But the same cannot be said of the power under Article 356. It is another matter that in a given case the court may not interfere. It is necessary to affirm that the proclamation under Article 356(1) is not immune from judicial review, though the parameters thereof may vary from an ordinary case of subjective satisfaction.” The aforesaid paragraphs cannot be read in isolation and have to be seen while bearing in mind that learned Judge invalidated dissolution of Assembly of Karnataka and Nagaland. Be that as it may, in the present case, the validity of the impugned notification is not being judged on application of principles available for judging the validity of administrative actions.
Further, para 376 of the opinion of Justice Jeevan Reddy is very instructive and it may be reproduced as under :
“We recognise that judicial process has certain inherent limitations. It is suited more for adjudication of disputes rather than for administering the country. The task of governance is the job of the Executive. The Executive is supposed to know how to administer the country, while the function of the judiciary is limited to ensure that the Government is carried on in accordance with the Constitution and the Laws. Judiciary accords, as it should, due weight to the opinion of the Executive in such matters but that is not to say, it defers to the opinion of Executive altogether. What ultimately determines the scope of judicial review is the facts and circumstances of the given case. A case may be a clear one — like Meghalaya and Karnataka cases — where the court can find unhesitatingly that the proclamation is bad. There may also be cases — like those relating to Madhya Pradesh, Rajasthan and Himachal Pradesh — where the situation is so complex, full of imponderables and a fast-evolving one that the court finds it not a matter which admits of judicial prognosis, that it is a matter which should be left to the judgment of and to be handled by the Executive and may be in the ultimate analysis by the people themselves. The best way of demonstrating what we say is by dealing with the concrete cases before us.
(Emphasis supplied by us) It is evident from the above that what ultimately determines the scope of judicial review is the facts and circumstances of the given case and it is for this reason that the Proclamations in respect of Karnataka and Nagaland were held to be bad and not those relating to Madhya Pradesh, Rajasthan and Himachal Pradesh.

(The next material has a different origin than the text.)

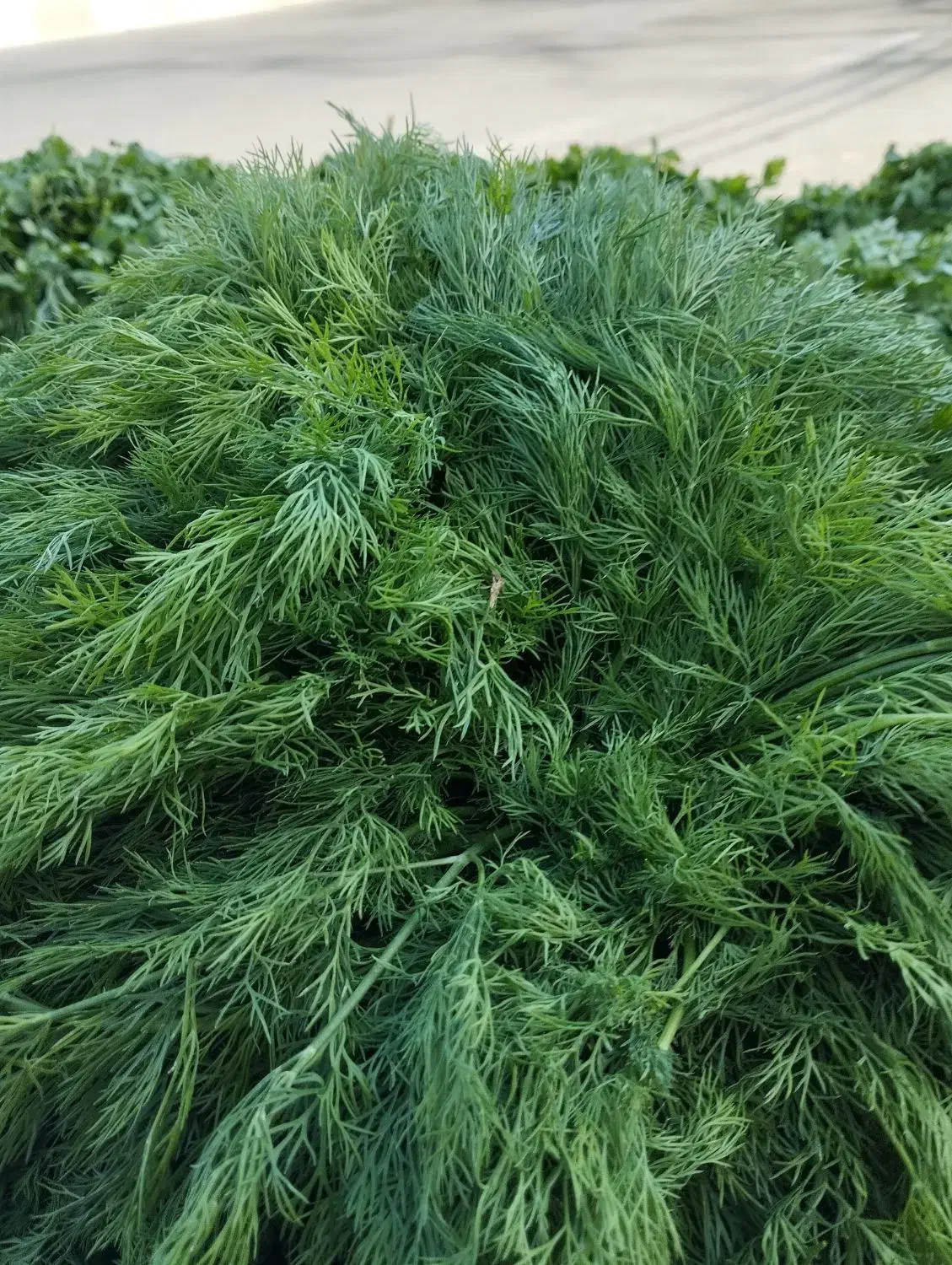 سبزی خورشی و اسفناج میدان بسیج ساعت 4|خوردنی و آشامیدنی|بم, |دیوار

We are not impressed with the argument based on a possible disqualification under Tenth Schedule if the MLAs belonging to LJP party had supported the claim of Nitish Kumar to form the Government. At that stage, it was a wholly extraneous to take into consideration that some of the members would incur the disqualification if they supported a particular party against the professed stand of the political party to which they belong. The intricate question as to whether the case would fall within the permissible category of merger or not could not be taken into consideration. Assuming it did not fall in the permissible arena of merger and the MLAs would earn the risk of disqualification, it is for the MLAs or the appropriate functionary to decide and not for the Governor to assume disqualification and thereby prevent staking of claim by recommending dissolution. It is not necessary for us to examine, for the present purpose, para 4 of the Tenth Schedule dealing with merger and/or deemed merger. In this view the question sought to be raised that there cannot be merger of legislative party without the first merger of the original party is not necessary to be examined. The contention sought to be raised was that even if two-third legislators of LJP legislative party had agreed to merge, in law there cannot be any merger without merger of original party and even in that situation those two-third MLAs would have earned disqualification. Presently, it is not necessary to decide this question. It could not have been gone into by the Governor for recommending dissolution.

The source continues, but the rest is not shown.